Task to complete: Among the entries below, find the line with "Fortifie-toi je suis" and the line with "Hiking Grandstaff Canyon". Return exactly those lines and every line between them, but no pictures.

The input:

───

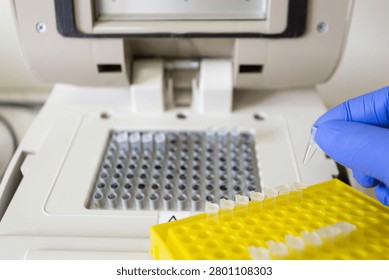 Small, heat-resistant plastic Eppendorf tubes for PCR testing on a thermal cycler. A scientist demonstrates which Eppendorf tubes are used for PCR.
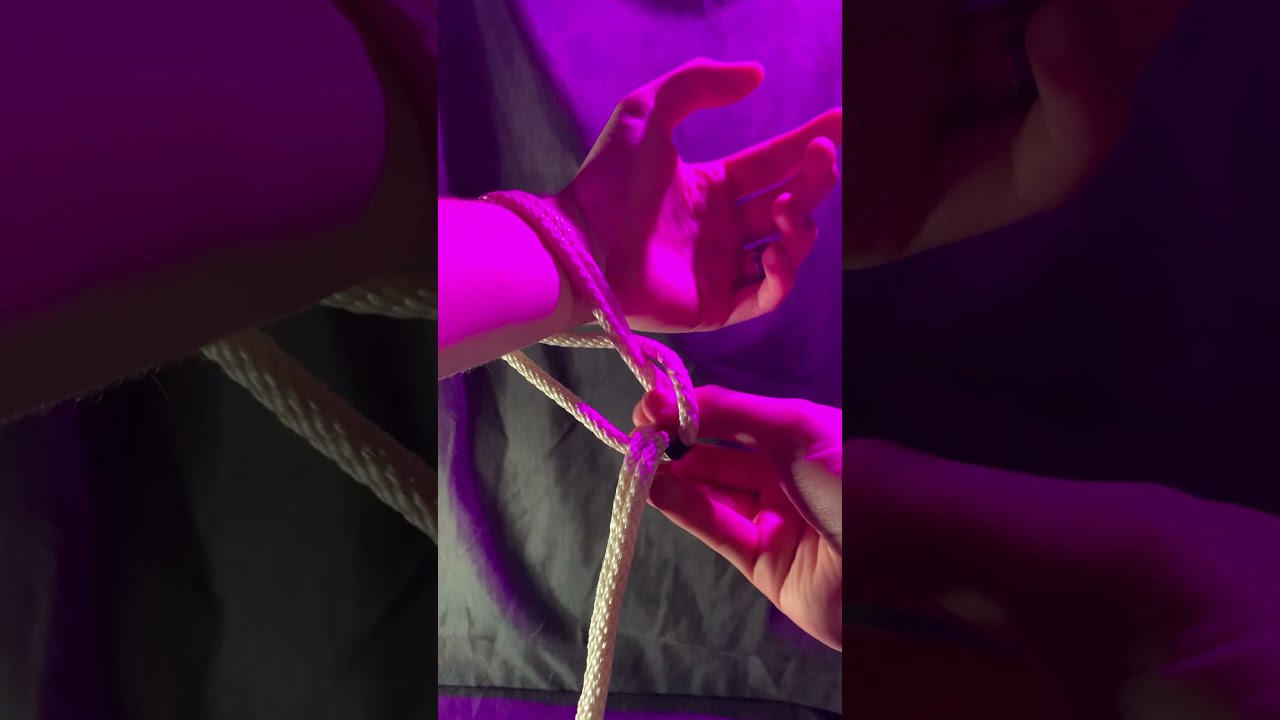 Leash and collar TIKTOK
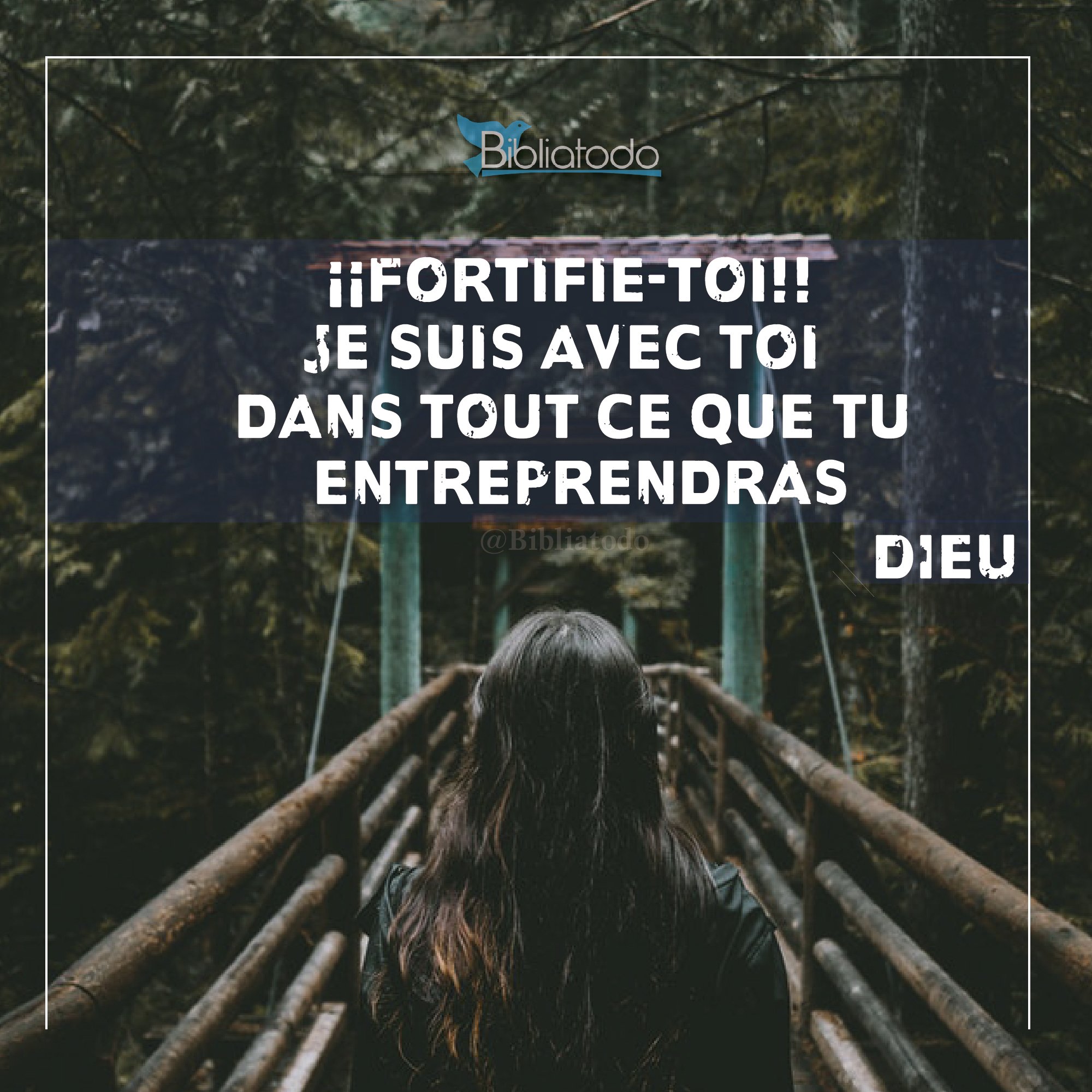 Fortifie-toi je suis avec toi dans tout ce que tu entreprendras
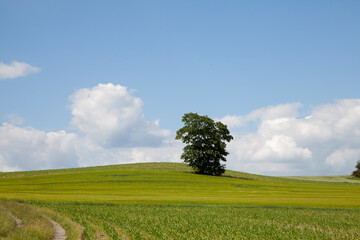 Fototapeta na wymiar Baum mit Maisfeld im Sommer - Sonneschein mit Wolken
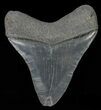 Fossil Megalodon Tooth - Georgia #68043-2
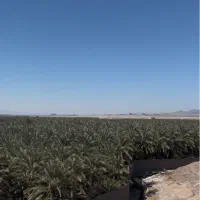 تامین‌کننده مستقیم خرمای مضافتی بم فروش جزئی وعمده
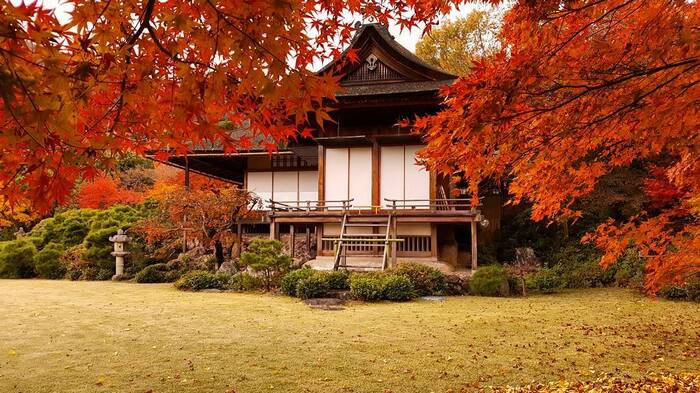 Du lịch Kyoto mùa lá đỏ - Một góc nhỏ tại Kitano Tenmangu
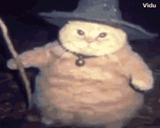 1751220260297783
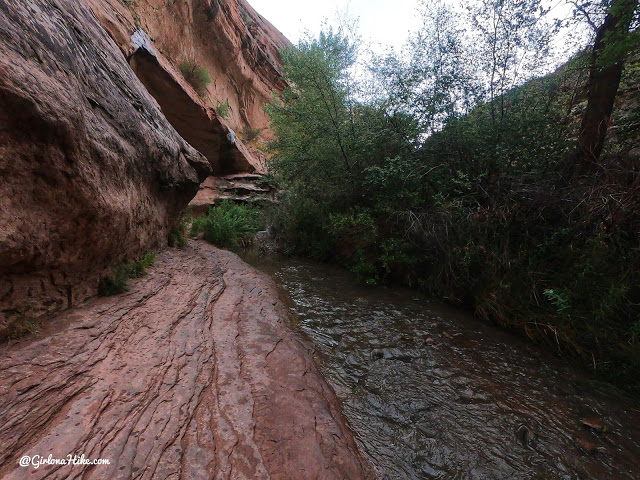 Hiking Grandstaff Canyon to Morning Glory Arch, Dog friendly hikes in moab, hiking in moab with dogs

───

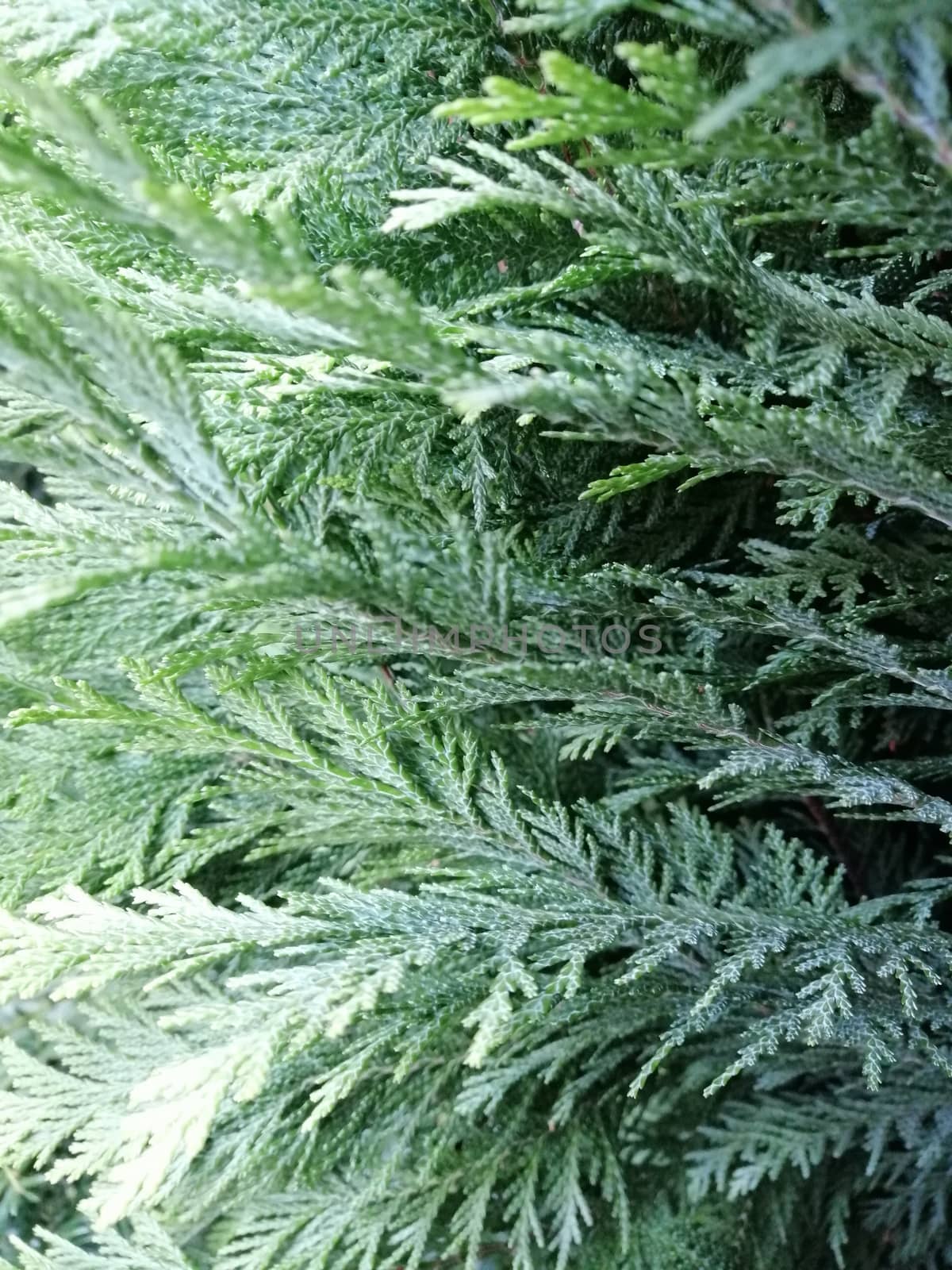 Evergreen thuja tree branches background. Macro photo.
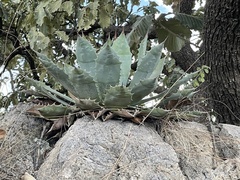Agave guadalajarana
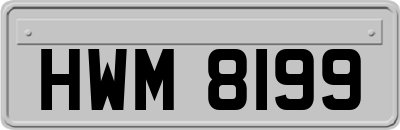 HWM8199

───

Answer for this exercise:
 Fortifie-toi je suis avec toi dans tout ce que tu entreprendras
 Fototapeta na wymiar Baum mit Maisfeld im Sommer - Sonneschein mit Wolken
 Fossil Megalodon Tooth - Georgia #68043-2
 تامین‌کننده مستقیم خرمای مضافتی بم فروش جزئی وعمده
 Du lịch Kyoto mùa lá đỏ - Một góc nhỏ tại Kitano Tenmangu
 1751220260297783
 Hiking Grandstaff Canyon to Morning Glory Arch, Dog friendly hikes in moab, hiking in moab with dogs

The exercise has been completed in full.